Executing advanced ALTER TABLE operations in SQLite
SQLite’s ALTER TABLE has some significant limitations: it can’t drop columns (UPDATE: that was fixed in SQLite 3.35.0 in March 2021), it can’t alter NOT NULL status, it can’t change column types. Since I spend a lot of time with SQLite these days I’ve written some code to fix this—both from Python and as a command-line utility.
[... 689 words]pyp: Easily run Python at the shell (via) Fascinating little CLI utility which uses some deeply clever AST introspection to enable little Python one-liners that act as replacements for all manner of pipe-oriented unix utilities. Took me a while to understand how it works from the README, but then I looked at the code and the entire thing is only 380 lines long. There’s also a useful --explain option which outputs the Python source code that it would execute for a given command.
How to get Rich with Python (a terminal rendering library). Will McGugan introduces Rich, his new Python library for rendering content on the terminal. This is a very cool piece of software—out of the box it supports coloured text, emoji, tables, rendering Markdown, syntax highlighting code, rendering Python tracebacks, progress bars and more. “pip install rich” and then “python -m rich” to render a “test card” demo demonstrating the features of the library.
pup. This is a great idea: a command-line tool for parsing HTML on stdin using CSS selectors. It’s like jq but for HTML. Supports a sensible collection of selectors and has a number of output options for the selected nodes, including plain text and JSON. It also works as a simple pretty-printer for HTML.
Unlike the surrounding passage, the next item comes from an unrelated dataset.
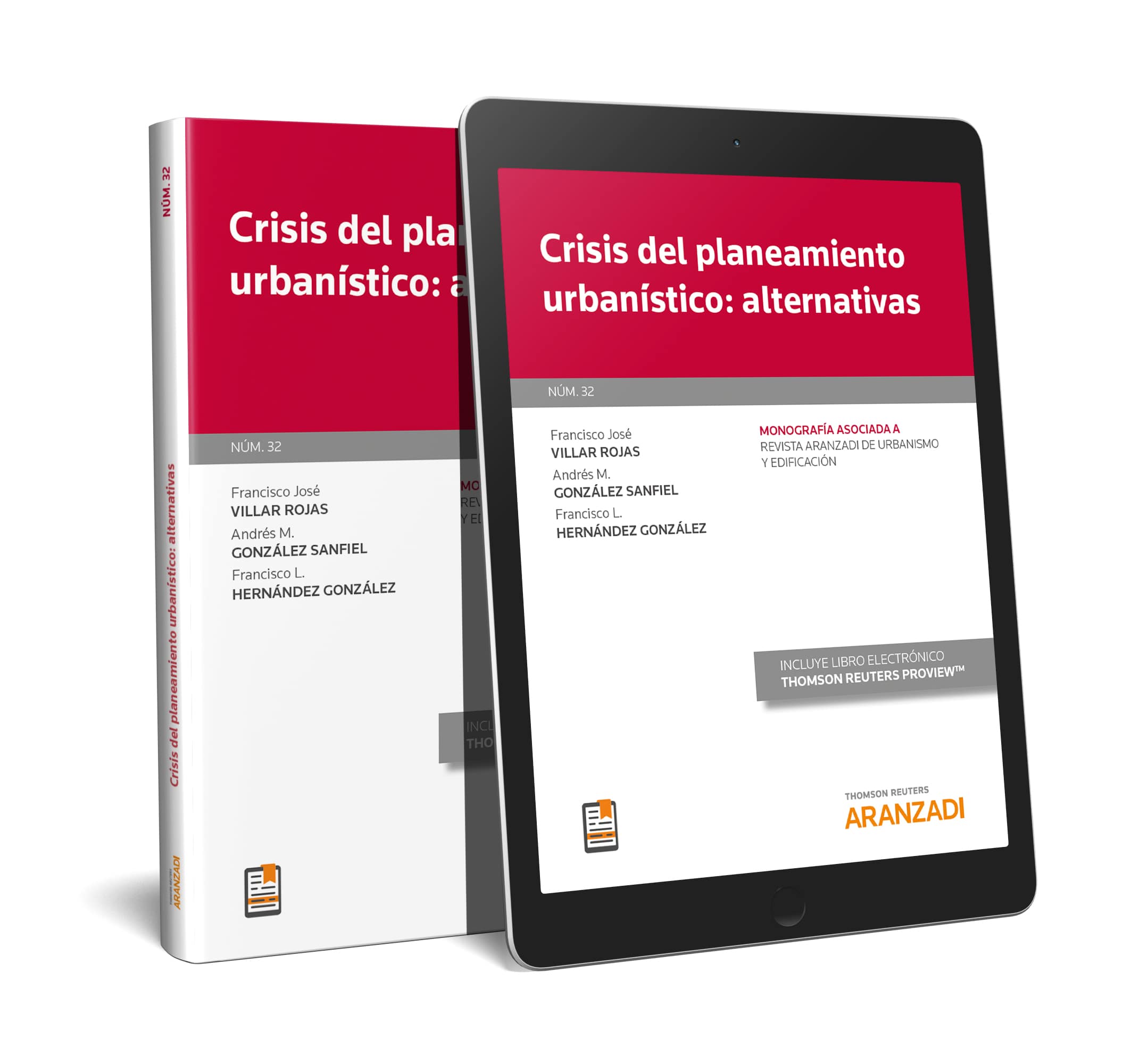 Portada del Libro Crisis Del Planeamiento Urbanístico: Alternativas de Francisco Jose Villar Rojas - 9788413087870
geojson-to-sqlite (via) I just put out the first release of geojson-to-sqlite—a CLI tool that can convert GeoJSON files (consisting of a Feature or a set of features in a FeatureCollection) into a table in a SQLite database. If you use the --spatialite option it will initalize the table with SpatiaLite and store the geometries in a spacially indexed geometry field—without that option it stores them as GeoJSON.
2019
sqlite-transform. I released a new CLI tool today: sqlite-transform, which lets you run “transformations” against a SQLite database. I built it out of frustration of constantly running into CSV files that use horrible American date formatting—the “sqlite-transform parsedatetime my.db mytable col1” command runs dateutil’s parser against those columns and replaces them with a nice, sortable ISO formatted timestamp. I’ve also added a “sqlite-transform lambda” command that lets you specify Python code directly on the command-line that should be used to transform every value in a specified column.
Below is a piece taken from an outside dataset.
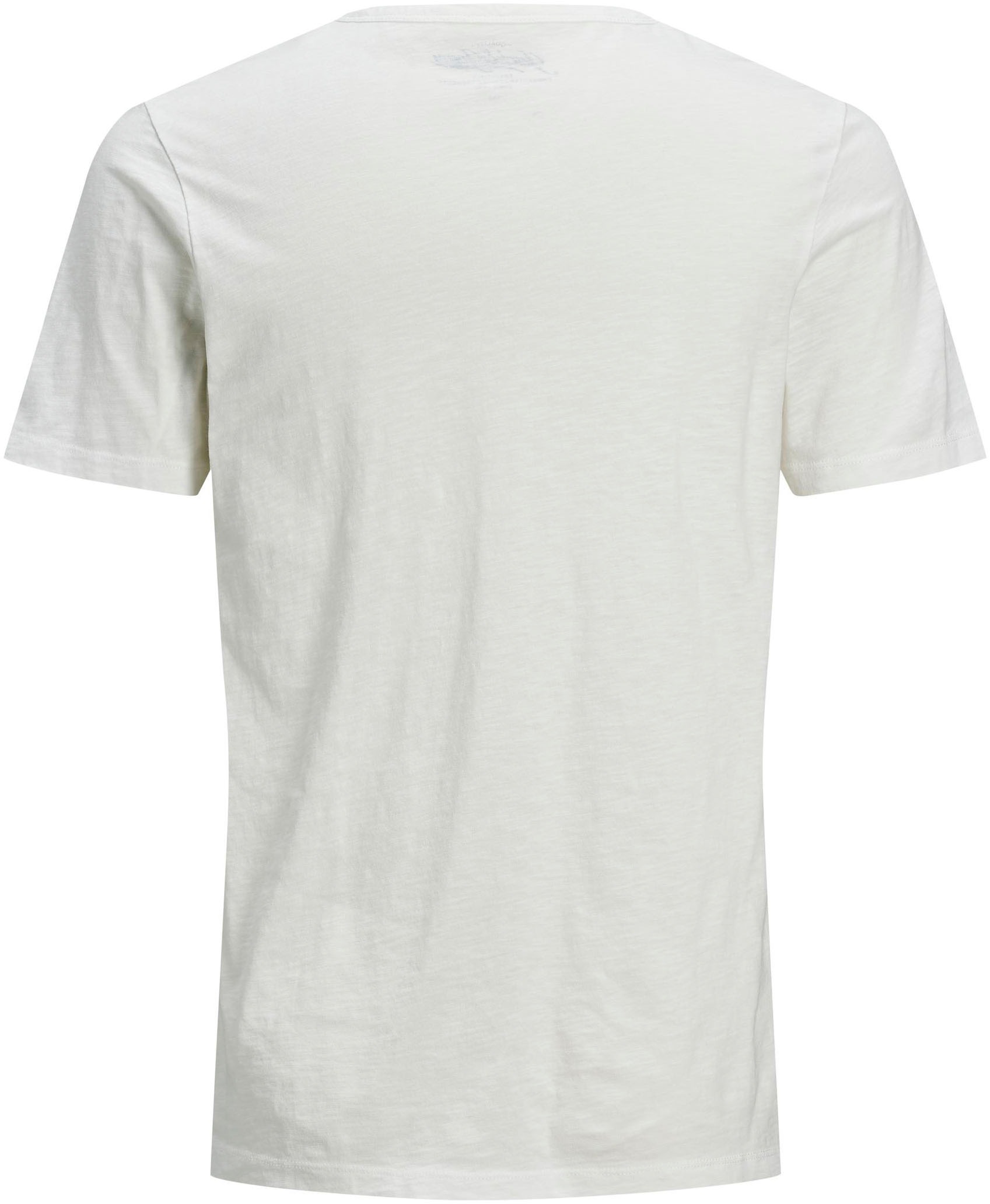 Jack & Jones T-Shirt »SPLIT NECK TEE«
goodreads-to-sqlite (via) This is so cool! Tobias Kunze built a Python CLI tool to import your Goodreads data into a SQLite database, inspired by github-to-sqlite and my various other Dogsheep tools. It’s the first Dogsheep style tool I’ve seen that wasn’t built by me—and Tobias’ write-up includes some neat examples of queries you can run against your Goodreads data. I’ve now started using Goodreads and I’m importing my books into my own private Dogsheep Datasette instance.
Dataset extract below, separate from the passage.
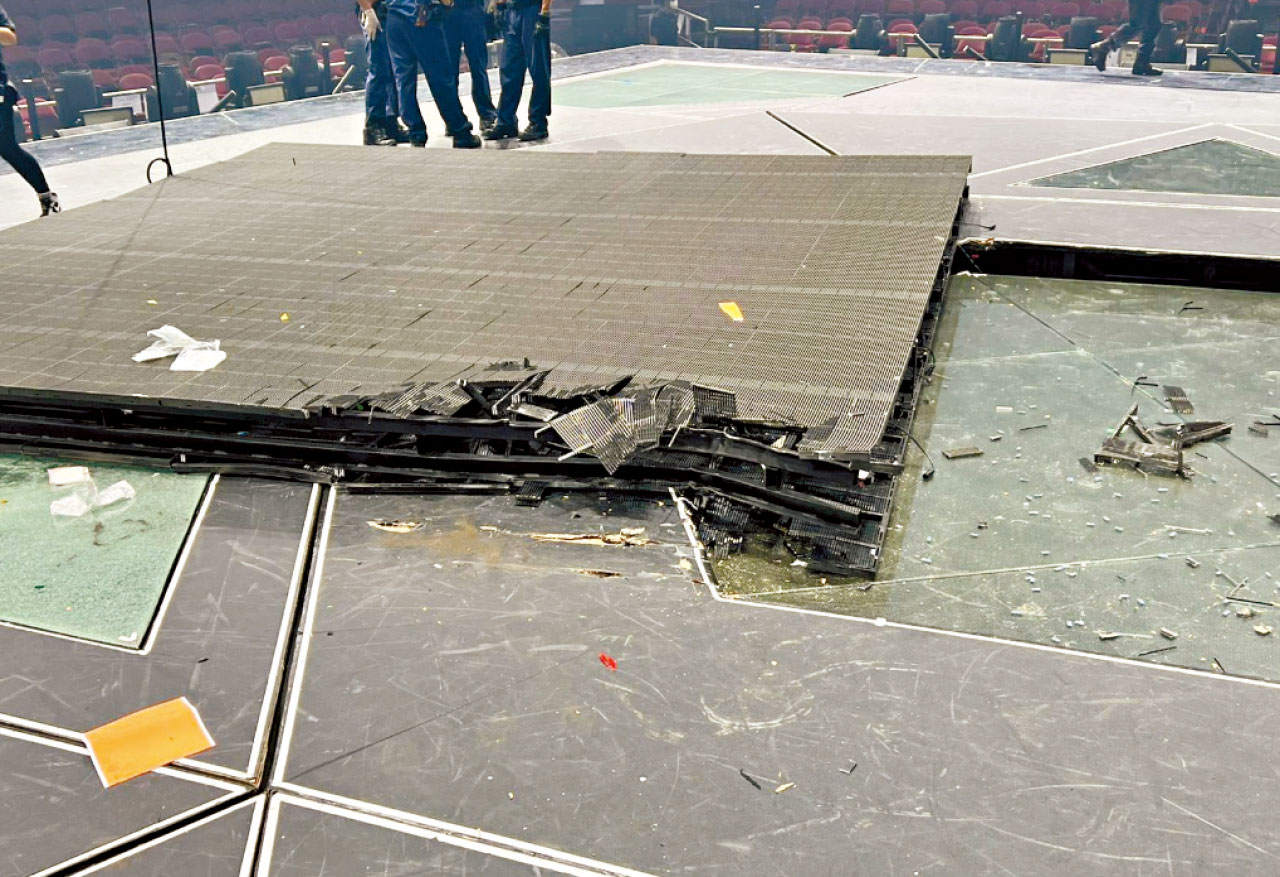 了解屏幕重量 警方再派員到紅館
sqlite-utils 1.11. Amjith Ramanujam contributed an excellent new feature to sqlite-utils, which I’ve now released as part of version 1.11. Previously you could enable SQLite full-text-search on a table using the .enable_fts() method (or the “sqlite-utils enable-fts” CLI command) but it wouldn’t reflect future changes to the table—you had to use populate_fts() any time you inserted new records. Thanks to Amjith you can now pass create_triggers=True (or --create-triggers) to cause sqlite-utils to automatically add triggers that keeps the FTS index up-to-date any time a row is inserted, updated or deleted from the table.